The Burbank Police Department has implemented a state-of-the-art camera system that integrates the various recording devices into one network and will allow the department to record events the officers encounter and access the video from a cloud server.
The camera system made by Axon, formerly Taser, the company that invented the Taser stun gun, is a multi-platform network that places cameras in a variety of locations and on the officers themselves. The camera network combined with a cloud server allows the department to record video, upload it to the cloud, and quickly access the video via a computer terminal or mobile device.
Lieutenant Scott Meadows oversees the $667,000 dollar system.
“The primary function [of the camera system] is so there is transparency.
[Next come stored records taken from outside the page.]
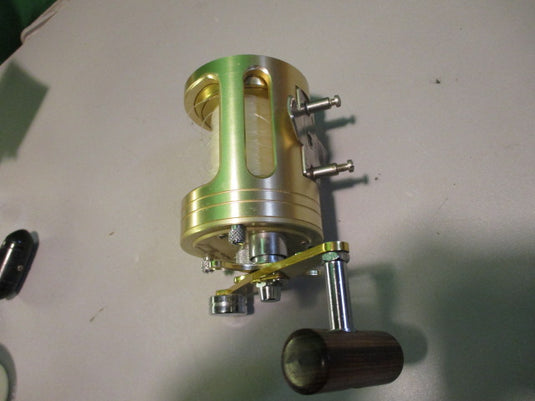 Used Shimano Designed For Professionals Triton mark II Gold FISHING REEL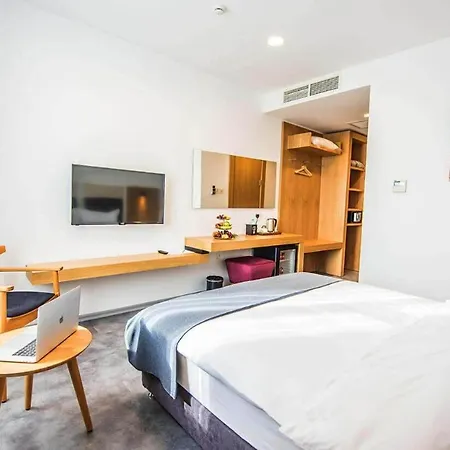 Ingate Hotel & Cafe Shopping Street Location ! Hotel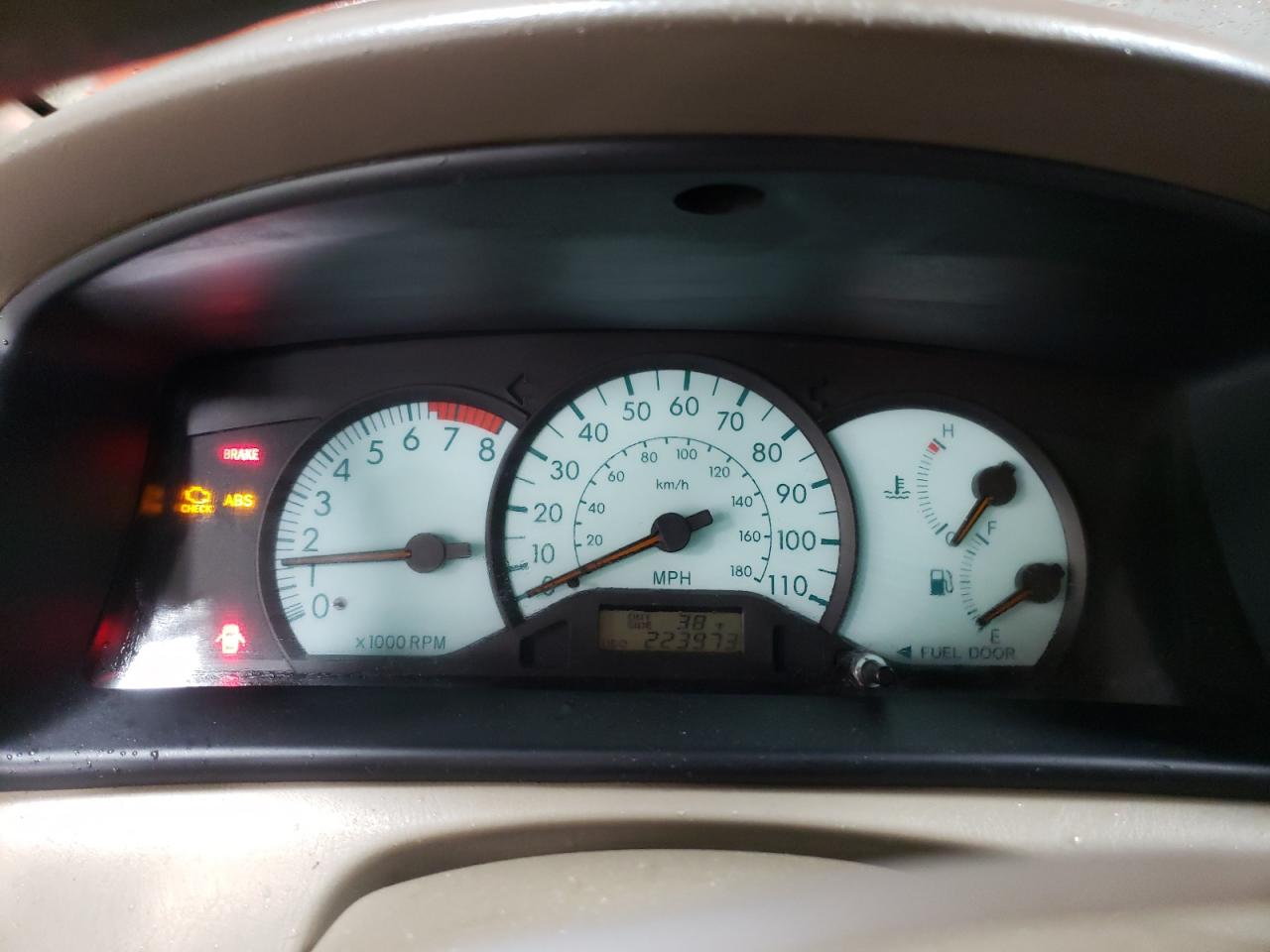 2004 Toyota Corolla - Image 9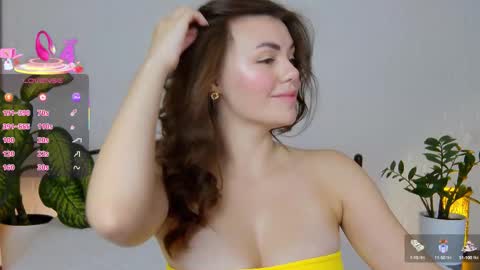 cecillaj online show from September 11, 2025, 8:09 pm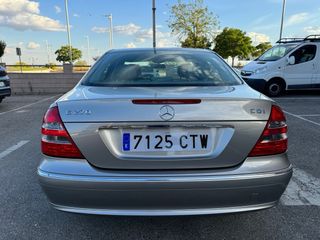Mercedes-Benz Clase E 2004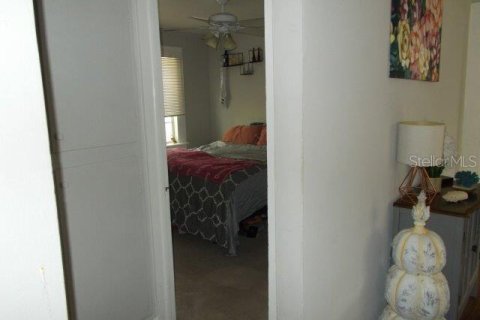 Commercial property in Saint Petersburg, Florida 4 bedrooms, 140.47 sq.m. № 1720410 - photo 15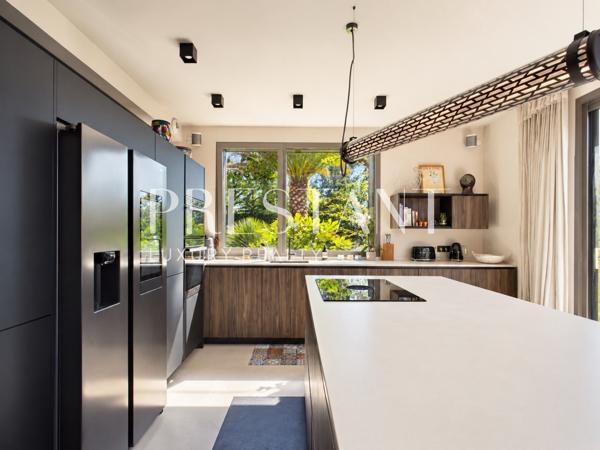 Domaine de Brindos, Anglet : Spacieuse villa avec piscine, ANGLET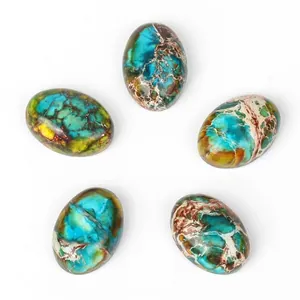 Vue macro détaillée de perles cabochons turquoise impériale ovales 10x14mm pour DIY
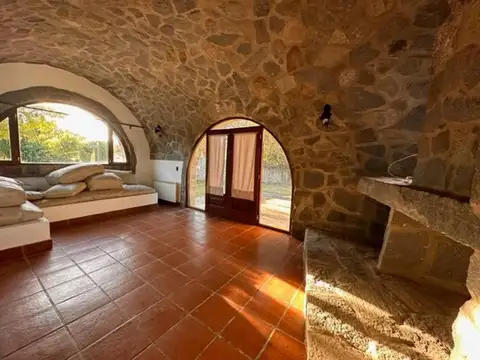Casa en Alquiler con 4 cocheras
It’s also for prosecution, for accountability, personnel complaints, to protect officers from false complaints, and to make sure officers are abiding policy and treating people well,” said Meadows.
Officers for the first time will be wearing body cameras replacing the old audio-only Puma recorders. Lieutenant Mark Stohl described the entire Axon system during a presentation to the Burbank Police Commission in January.
“It’s very easy to use. So far, the reports have all been good, very favorable. We’re very happy with the vendor; they have been very attentive to our needs.”
In the video of the meeting, Stohl explained the small, box-shaped body camera is worn on the officer’s chest; the camera’s video is stored on the device itself. At the end of the day, the recorded video is uploaded, while the camera is recharging, to the system’s cloud server–Evidence.com. The color cameras are HD and record audio. Because the cameras are LTE [also known as 4G] capable, officers can be tracked on a map in real-time if their camera is recording. Because the camera is cellular, it can live stream when recording. A redaction feature is also available to blur the faces of individuals recorded.
The system’s cameras have the capability to pre-record 30 seconds of buffered video. It allows officers to review any incident that occurred up to 30 seconds before the camera started recording.
All the department’s 32 patrol cars have two of the new cameras installed. One camera is placed under the rear-view mirror; it’s activated when the light bar is turned on. The officer’s body camera is activated simultaneously. The second camera is facing the back seat to monitor prisoners. The cameras compliment the officer’s own body camera by providing an additional view of any encounters. Additional vehicles with new cameras are a jail transport van and two unmarked Ford Explorers. Videos are uploaded to the cloud using Wi-Fi installed in the department’s garages.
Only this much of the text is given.